The exercise was the first emergency training specifically for senior managers, mostly UNHCR staff but also personnel from key partners including the UN Children's Fund (UNICEF), the International Humanitarian City (Dubai) and personnel from two Scandinavian UNHCR standby partners, the Danish Refugee Council and the Norwegian Refugee Council, as well as the US government Bureau for Population, Refugees and Migration.

The participants converged from current operations in places such as Afghanistan, Sri Lanka and Somalia to hone their skills to ensure staff are poised to respond to displacement crises in a matter of hours.

"UNHCR conducts these training seminars three times yearly to ensure our staff may refresh their skills," said Iain Hall, chief of UNHCR's Emergency Preparedness and Response Section. "The government of Sweden has long been an enthusiastic supporter of this effort, and together with Norway, Germany and other states helps ensure that we have a variety of staff able to meet urgent needs in humanitarian crisis situations, be they man-made [conflict] or caused by natural disaster."

Participants agree to be deployed anywhere in the world within 72 hours for up to four months, and they remain on this emergency roster for two years. Preparation for the course and eventual deployment as part of one of UNHCR's Emergency Response Teams means getting their current offices to agree that they serve on the roster, as well as the understanding of their families.

"This exceptional training effort is about ensuring that we have highly skilled senior managers who also undergo this special course to address the needs of displaced persons and the humanitarian community's cluster," Hall said.
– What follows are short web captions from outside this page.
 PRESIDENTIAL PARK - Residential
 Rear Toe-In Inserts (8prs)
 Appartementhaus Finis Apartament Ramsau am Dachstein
Participants were enthusiastic, despite sub-zero nights in tents and tense days facing those playing angry officials and traumatized displaced people. "It is very good, and I'm impressed with all the people here," said Odd Einar Olsen of the Norwegian Refugee Council.

Monica Sandri currently works with the Afghan Ministry of Rural Rehabilitation and Development in Kabul as an emergency and social protection adviser and in the past served with the Norwegian Refugee Council. She took part in the UNHCR course as a member of the Danish Refugee Council emergency stand-by roster.

"This course is giving me more knowledge in how to manage an emergency and, more importantly, how to manage relations in a crisis," Sandri said. "I have always worked with refugees and internally displaced persons, so for me this senior level training is more focussed on management and how to address emergencies."